*** Available data Section Begins ***
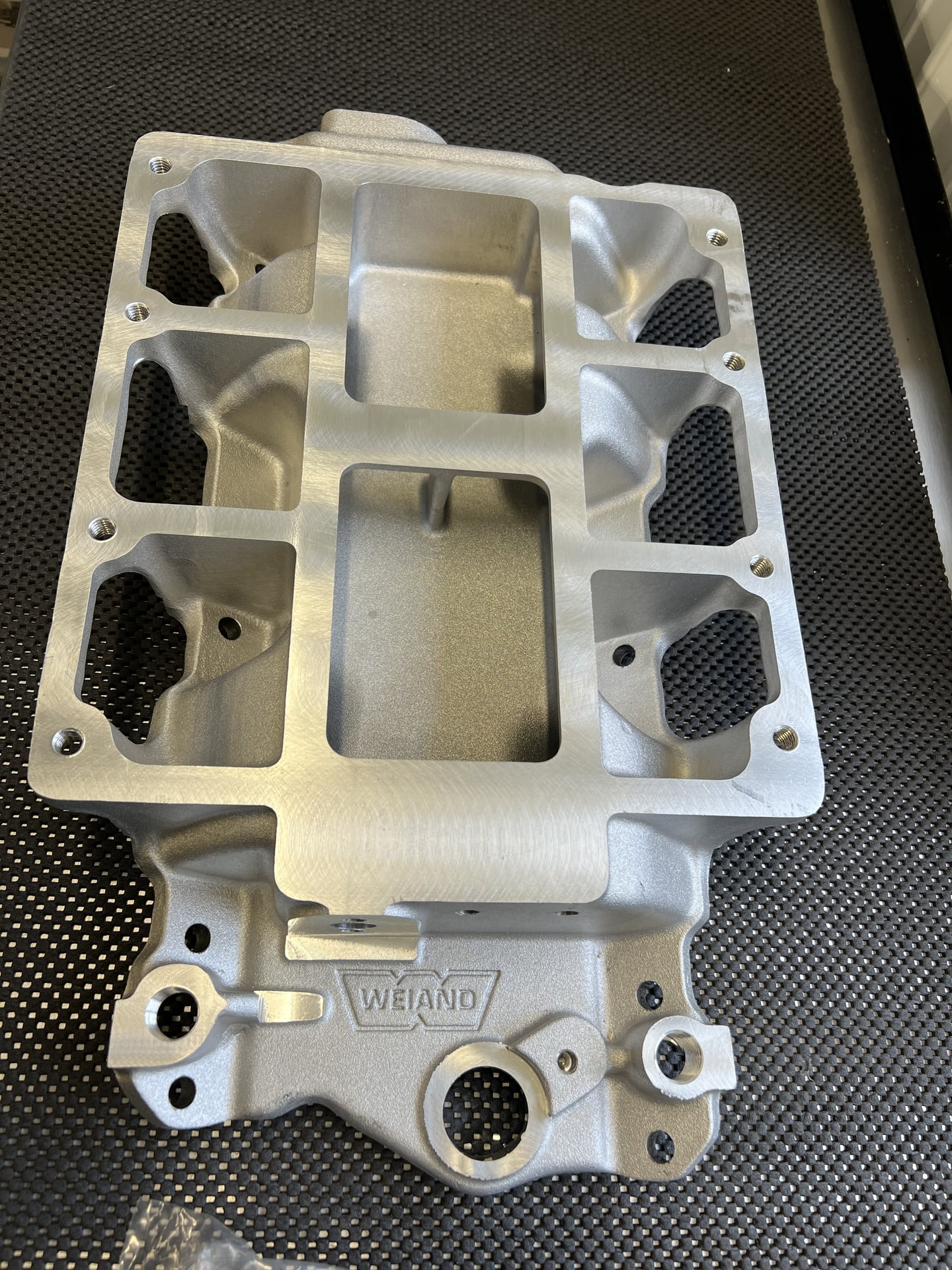 Small Block Chevy Blower Intake Weiand W7136 JR1 Racing Oil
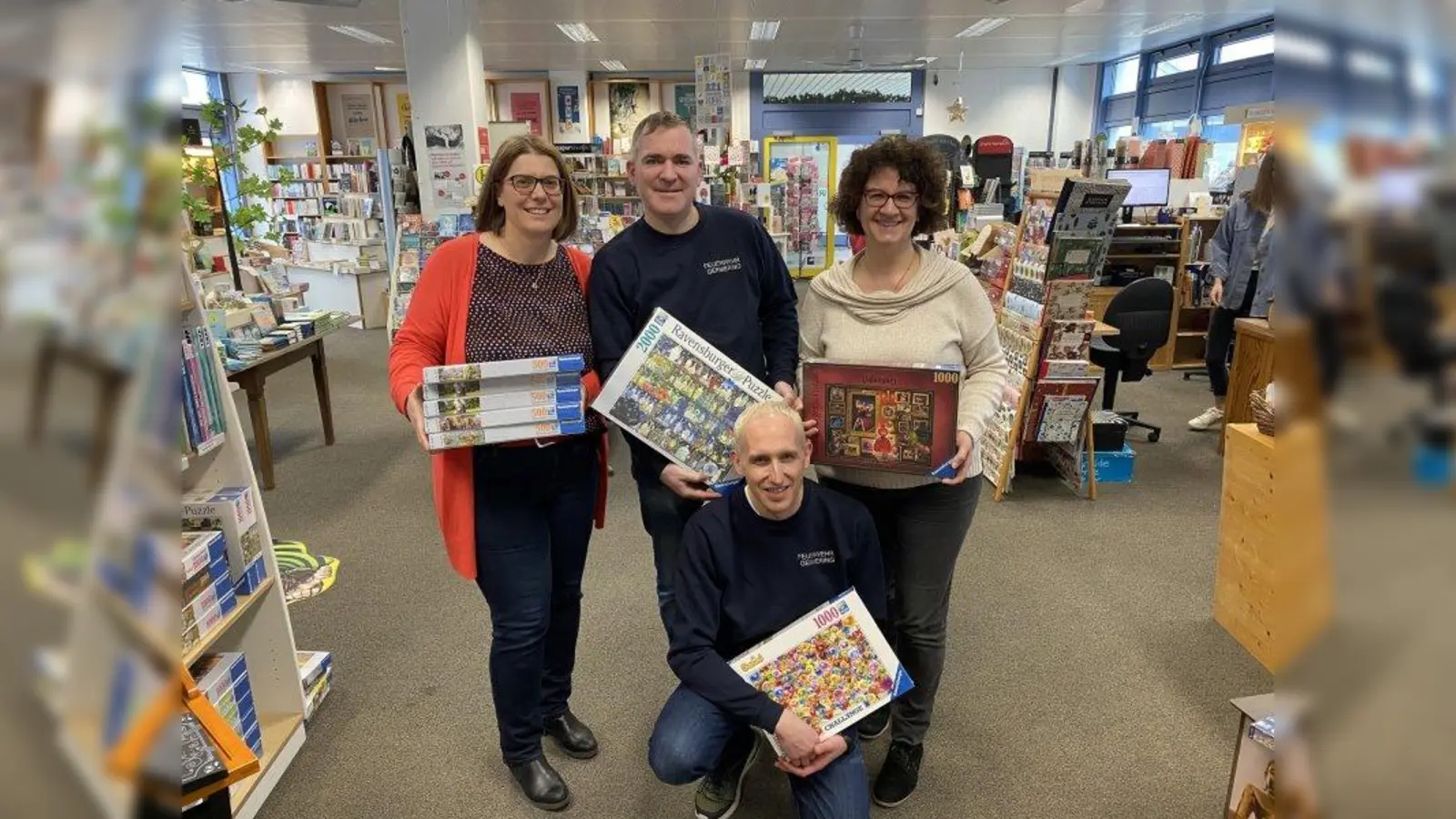 Freuen sich auf viele Germeringer, die mitpuzzeln (von links): Katrin Schmidt, Björn Warmuth (FF), Helen Hoff und unten Stefan Heyne (Vorsitzenden der FF Germering). (Foto: Buchhandlung LeseZeichen)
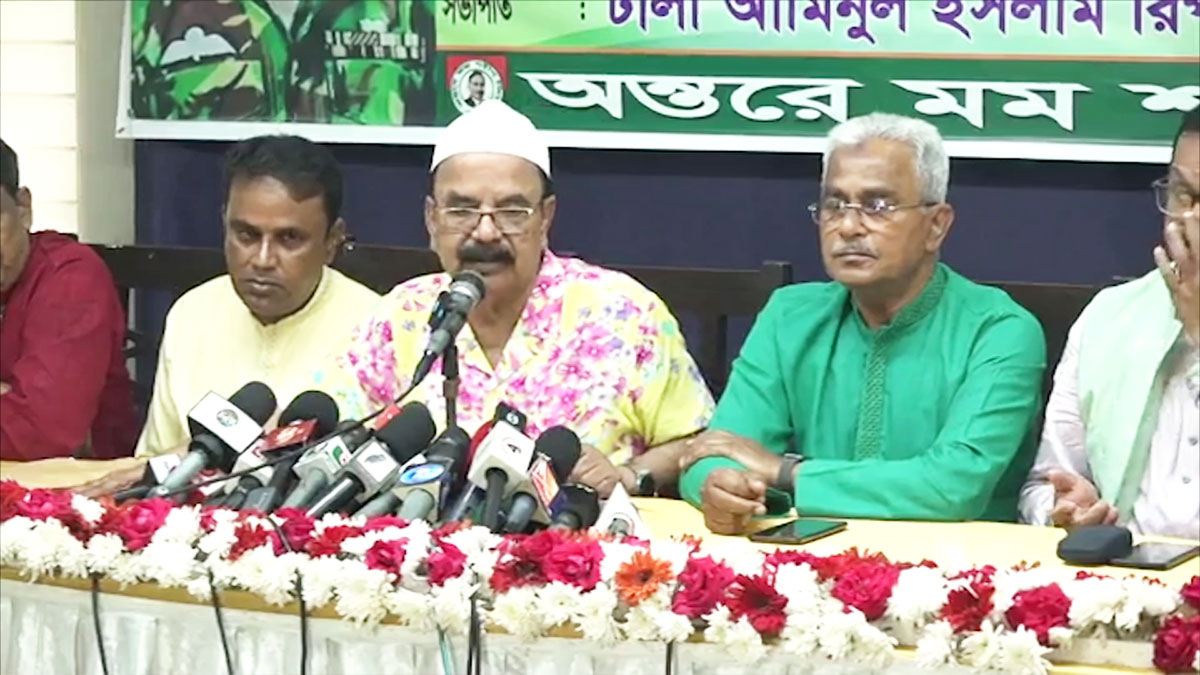 নিজ স্বার্থে দেশের ইতিহাস বিকৃত করছে আওয়ামী লীগ: গয়েশ্বর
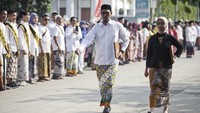 Selanjutnya, di Museum Batik, Kota Pekalongan, Jawa Tengah, sejumlah warga mengenakan batik untuk mengikuti upacara Hari Batik Nasional, Rabu (2/10/2024). Upacara peringatan Hari Batik Nasional 2024 dengan menggunakan batik dan kebaya yang diikuti Aparatur Sipil Negara (ASN), pelaku UMKM Batik dan pelajar tersebut untuk mejaga kelestarian batik dansebagai upaya menggerakan roda perekonomian dari sektor batik. ANTARA FOTO/Harviyan Perdana Putra.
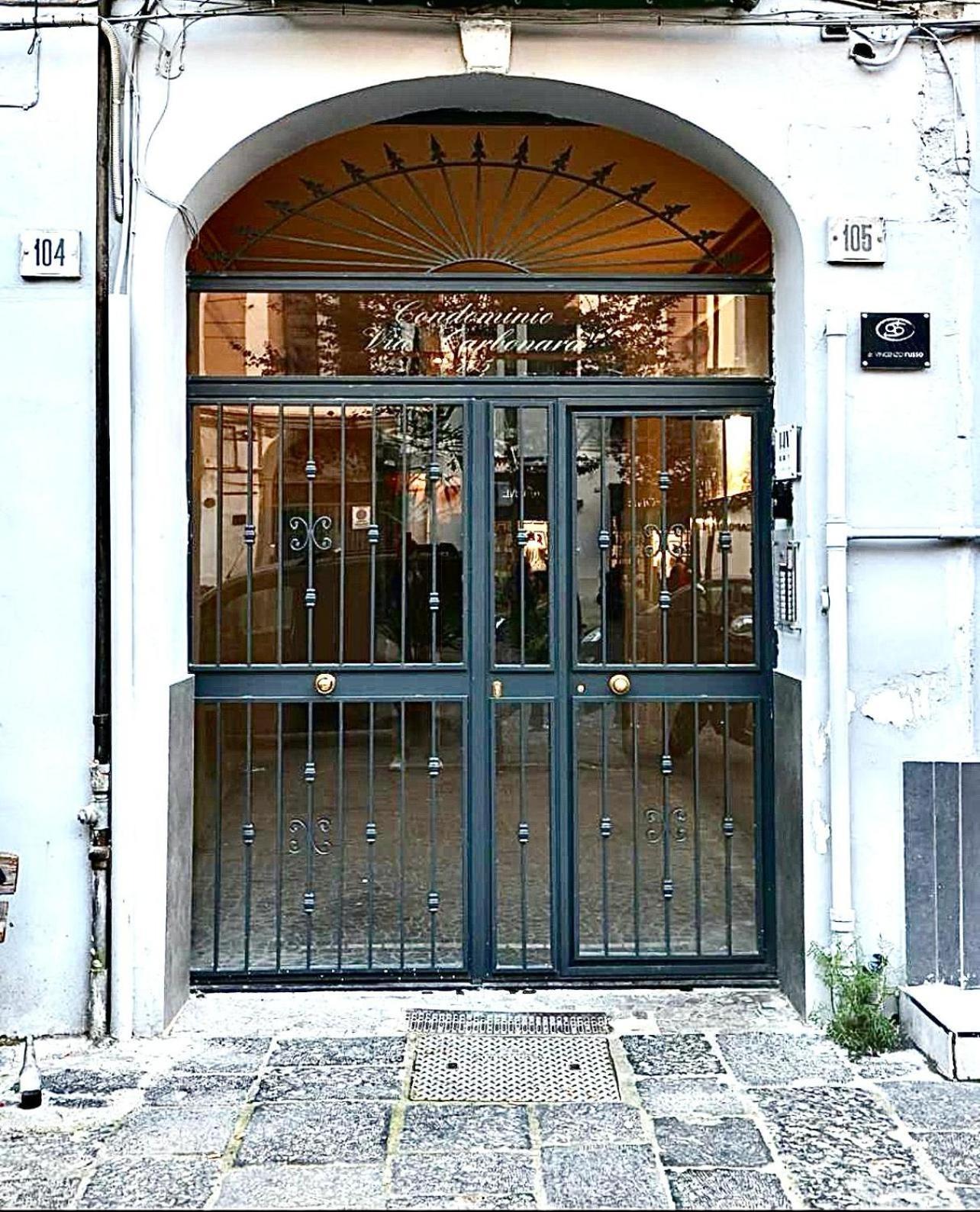 La Dimora Di Mary Apartment Napoli Bagian luar foto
*** Available data Section Ends ***
**Assignment:**
Each line from the one that contains "Selanjutnya, di Museum" to the end of the listing must be quoted exactly; no other line and no picture belongs in the copy.

**Solution:**
 Selanjutnya, di Museum Batik, Kota Pekalongan, Jawa Tengah, sejumlah warga mengenakan batik untuk mengikuti upacara Hari Batik Nasional, Rabu (2/10/2024). Upacara peringatan Hari Batik Nasional 2024 dengan menggunakan batik dan kebaya yang diikuti Aparatur Sipil Negara (ASN), pelaku UMKM Batik dan pelajar tersebut untuk mejaga kelestarian batik dansebagai upaya menggerakan roda perekonomian dari sektor batik. ANTARA FOTO/Harviyan Perdana Putra.
 La Dimora Di Mary Apartment Napoli Bagian luar foto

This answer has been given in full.